24.5.16

Da vergonha alheia que se sente ao ver telejornais



«Há inúmeras maneiras de descrever um acontecimento, mesmo que se respeite a verdade dos factos - ou melhor, mesmo que haja um esforço para não distorcer qualquer facto. Meia dúzia de testemunhas de boa fé de um mesmo acontecimento podem apresentar narrativas diferentes do mesmo. (…)

Isto significa que fazer um jornalismo como deve ser feito - independente dos poderes, que não tenta beneficiar determinado grupo, que faz um retrato justo do mundo, que trata todas as fontes de forma leal - é difícil.

Mas então é impossível fazer uma descrição honesta da realidade? Não, significa apenas que essa deve ser uma preocupação constante.

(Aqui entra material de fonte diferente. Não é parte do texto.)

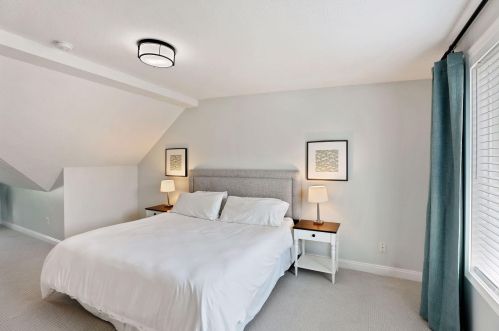 2106 Highland Pkwy, Saint Paul MN  55116-1311 exterior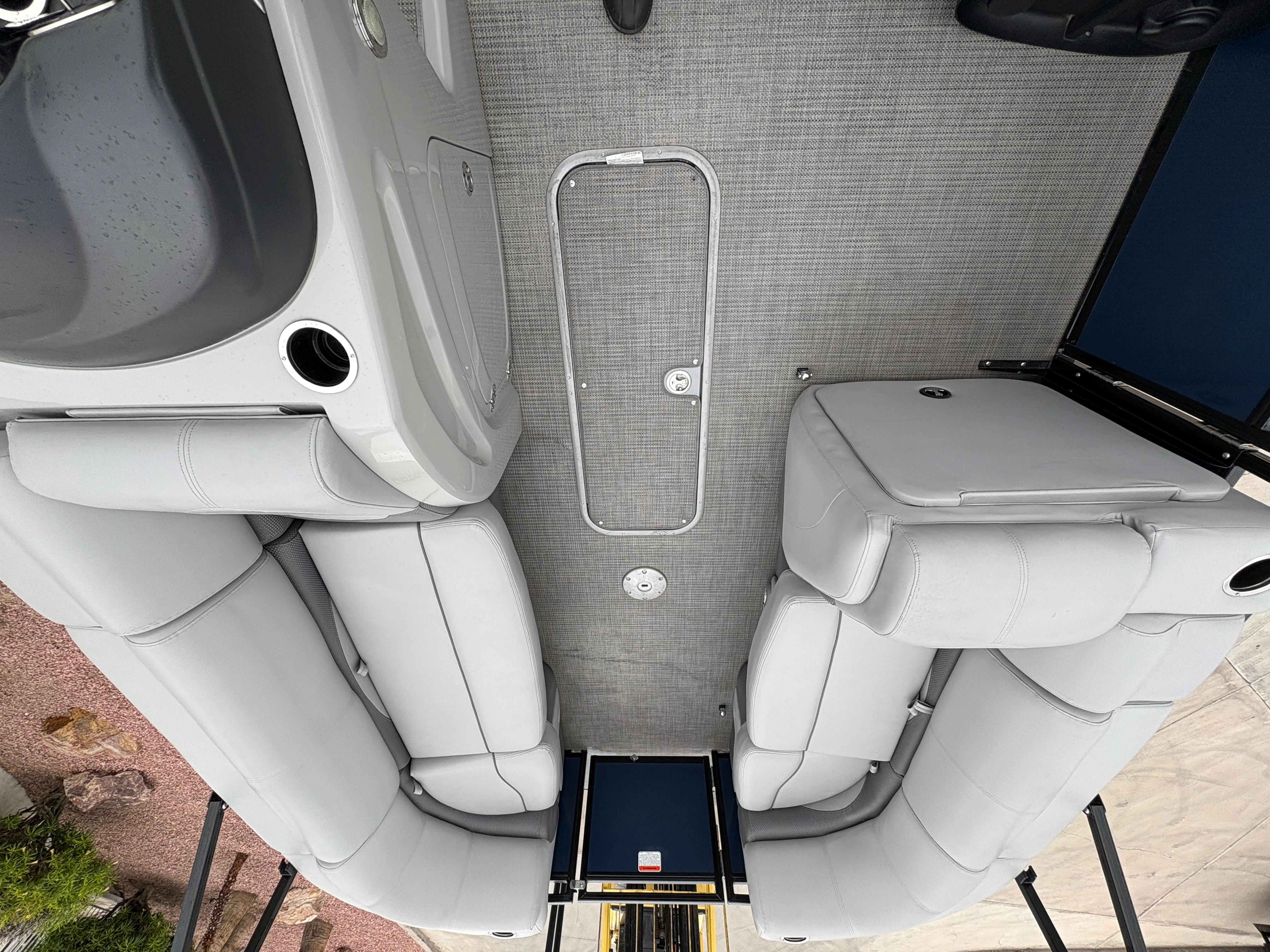 2019 Regency 210 DL3 #TBRW0687 inventory image at Sun Country Marine Group, Lake Havasu City, AZ 2019 Regency 210 DL3 #TBRW0687 inventory image at Sun Country Marine Group, Lake Havasu City, AZ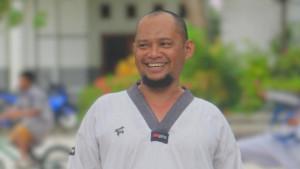 Pelatih-Utama-Tim-Taekwondo-Kabupaten-Kaimana-Papua-Barat-Saleh-Buton.jpg
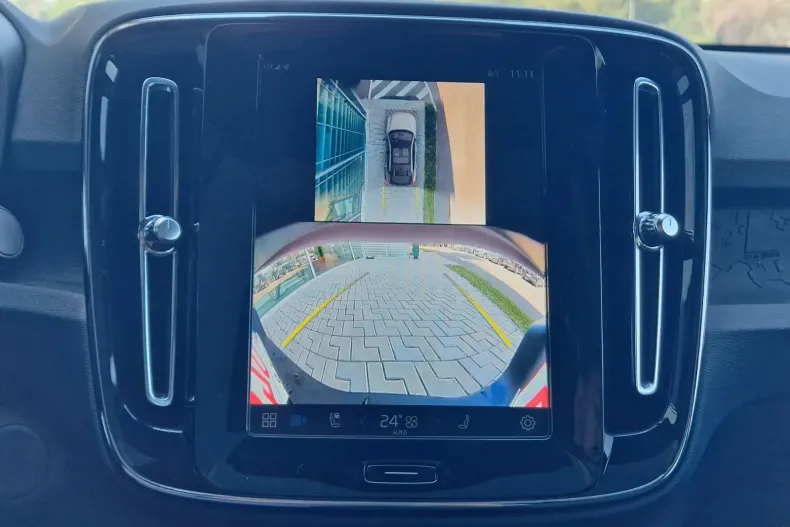 Volvo C40 din 2025 cu 864 km - oferta VOL136188 - foto 14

Vem isto tudo ainda a propósito do polémico segmento do telejornal de há umas semanas onde José Rodrigues dos Santos explica, à sua maneira, como evoluiu a dívida pública portuguesa. É evidente que se trata de uma explicação enviesada, que selecciona certos dados e escamoteia outros, que possui como subtexto a ideia de que a dívida é da responsabilidade exclusiva dos governos do PS. Esse subtexto recorre a dados verdadeiros mas é desonesto porque escamoteia tudo o que não valida a tese do pivot e, por isso, o segmento inscreve-se no que se chama “propaganda”, algo de que os jornalistas se devem abster, mas é curioso verificar que as críticas feitas a JRS foram classificadas pelo próprio e por outros campeões da objectividade como “censura”. Porque é que isso é curioso? Porque essa reacção prova que o segmento de JRS não foi uma falha inconsciente, que o próprio estaria disponível para corrigir, mas um gesto intencional, um enviesamento deliberado. (…)

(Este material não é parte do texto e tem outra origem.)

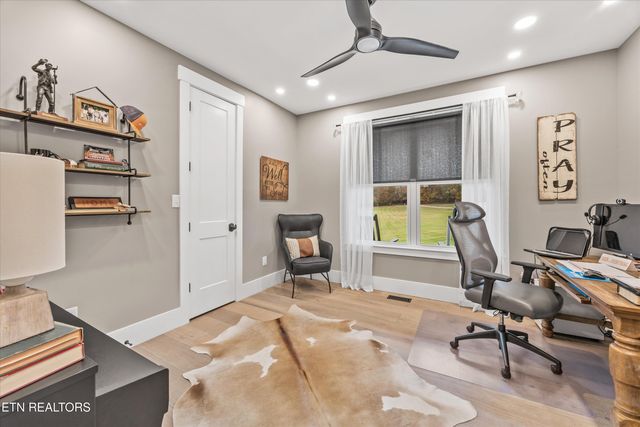 1419 Graves Rd, Strawberry Plains, TN 37871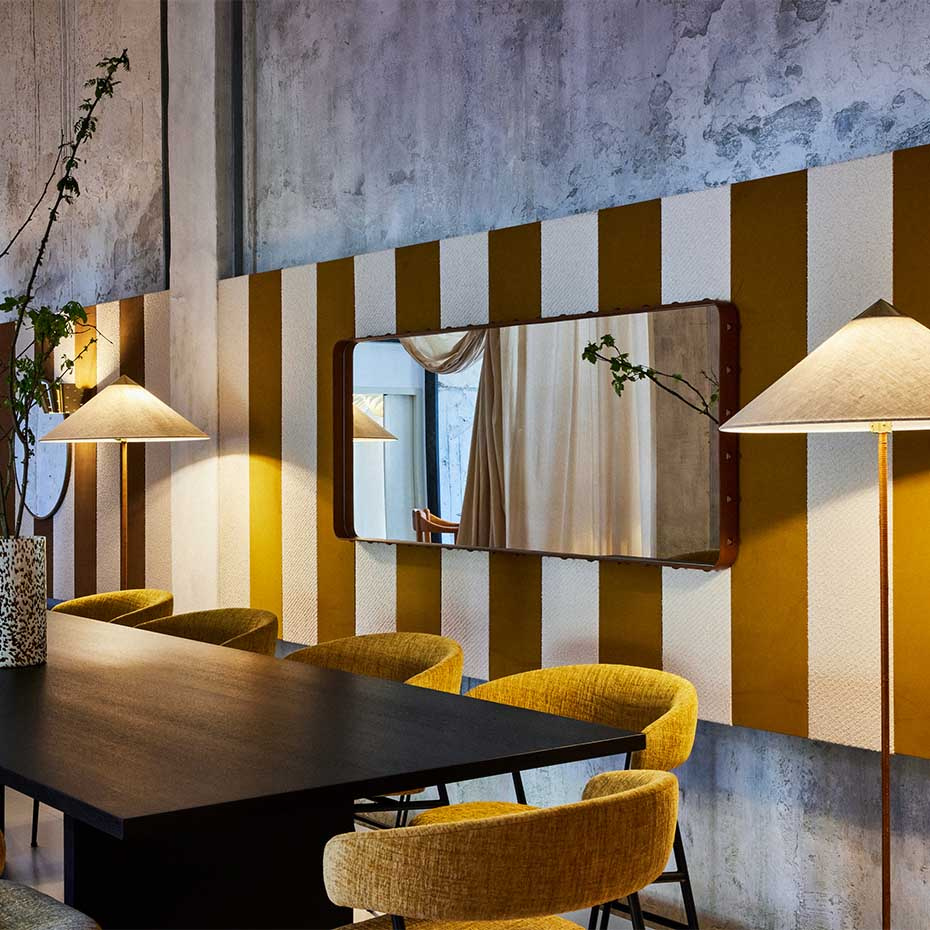 9602 Golvlampa Polished Brass/Canvas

Que a SIC tenha como editor o alegre propagandista José Gomes Ferreira tem de se aceitar como mais um castigo dos mercados. Que a RTP pública imite o que de pior se faz no jornalismo televisivo e se sinta obrigada a convidar para todos os seus painéis um direitista de serviço do Observador (nem sequer identificado como tal), lamenta-se.

Há bom jornalismo na RTP, mas ele aparece sempre nos interstícios de um discurso que não foge da narrativa hegemónica da direita neoliberal, dos terrores dos “mercados” aos ralhetes de Bruxelas, da respeitabilidade da banca aos riscos em que uma política de esquerda nos coloca.

José Rodrigues dos Santos diz, em resposta às supostas pressões, e bem, que o jornalismo deve ser independente do Governo. Eu também acho. Teria gostado que ele próprio o tivesse sido no governo anterior e gostaria que o fosse agora. Mas duvido que saiba como isso se faz.»